Taylor is a talented team member who’s missing the mark. You thought you’d laid out expectations for the role and the targets for success were crystal clear. Yet, there’s one area in which she’s underperforming. You start self-negotiating and get stuck. After all, she’s more than adept in most areas. Job candidates within her area of expertise are limited and you don’t want her to leave. Maybe you should wait to see if it improves?
It’s a much too familiar scenario.
What SHOULDN’T you do? Here are some key mistakes leaders make that can interfere with managing the issue correctly:
Mistake #1: Talk with everyone else about the issue but the person involved. In his book Principles, Ray Dalio is emphatic about taking the problem only to the person involved. It’s forbidden to even mention it to anyone else unless you’ve talked with the person first. Otherwise, it can be undermining, creating an environment of co-dependency and mistrust.
Mistake #2: Let it go, otherwise known as “stockpiling.” As soon an undesired instance occurs, or as a pattern of underperformance develops, have a coaching conversation immediately. Allowing the issue to continue for weeks or months sets an unwanted precedent for reinforcing the wrong behaviors, and it blindsides the person once you’re ready to tackle the problem.
Mistake #3: Hiring a coach to “fix it.” If it’s a performance management issue, it should be addressed and managed internally by the person’s leader. Only the leader inside the organization can hold the person accountable to the requirements of the role. The coach certainly can’t solve alone what the leader isn’t willing to.
What SHOULD you do? Here are steps a leader should take to address underperformance:
Acknowledge the issue won’t get better without the right feedback. The “do nothing” approach isn’t a viable option. Once a pattern of behavior is repeated as the norm, disruption has to occur for it to get better.
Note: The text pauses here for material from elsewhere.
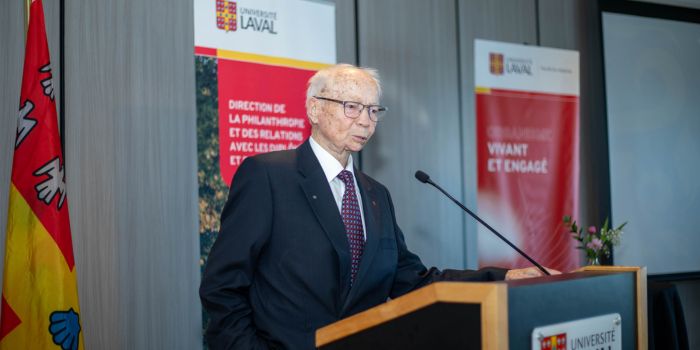 Hervé Pomerleau lors de l'événement de reconnaissance pour son don à la Faculté de médecine de l'Université Laval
A recent Gallup survey revealed employees who receive daily feedback from their manager are three times more likely to be engaged than those who receive feedback annually.
Have an honest conversation. Some leaders I work with seem hesitant to do this because they’re not sure about the best approach. In this brief Ted educational video, LeeAnn Renninger shares a four-step proven formula for giving feedback well. It can start with what she calls a “micro yes question.” The goal is to ask a simple question that helps to gain agreement. After the issue(s) surface, you can dig into specific examples, ask what’s causing the gap, and offer the needed resources.
Commit to regular feedback and meetings with each direct report and create a coaching culture for continued improvement. The reason some organizations have abandoned annual reviews is because it can create a void in more regular bi-weekly or monthly communication. If only given annually, feedback may show up too late in the game for course correction. By this point the person is not only underperforming, but likely unhappy, unengaged, and the team is underwhelmed with or overwhelmed from their lack of meaningful and measurable contribution.
Dealing with a performance issue?
Here’s what we know. Everyone inherently wants to do well. We’re hardwired to want to know when we’re not. As leaders, if we’re not providing honest, timely and necessary truth to our team members, we’re not owning an imperative piece of leadership.
What do you need to start doing differently to create a new approach to providing performance feedback and coaching? The three-pronged solution above provides a win/win solution for success.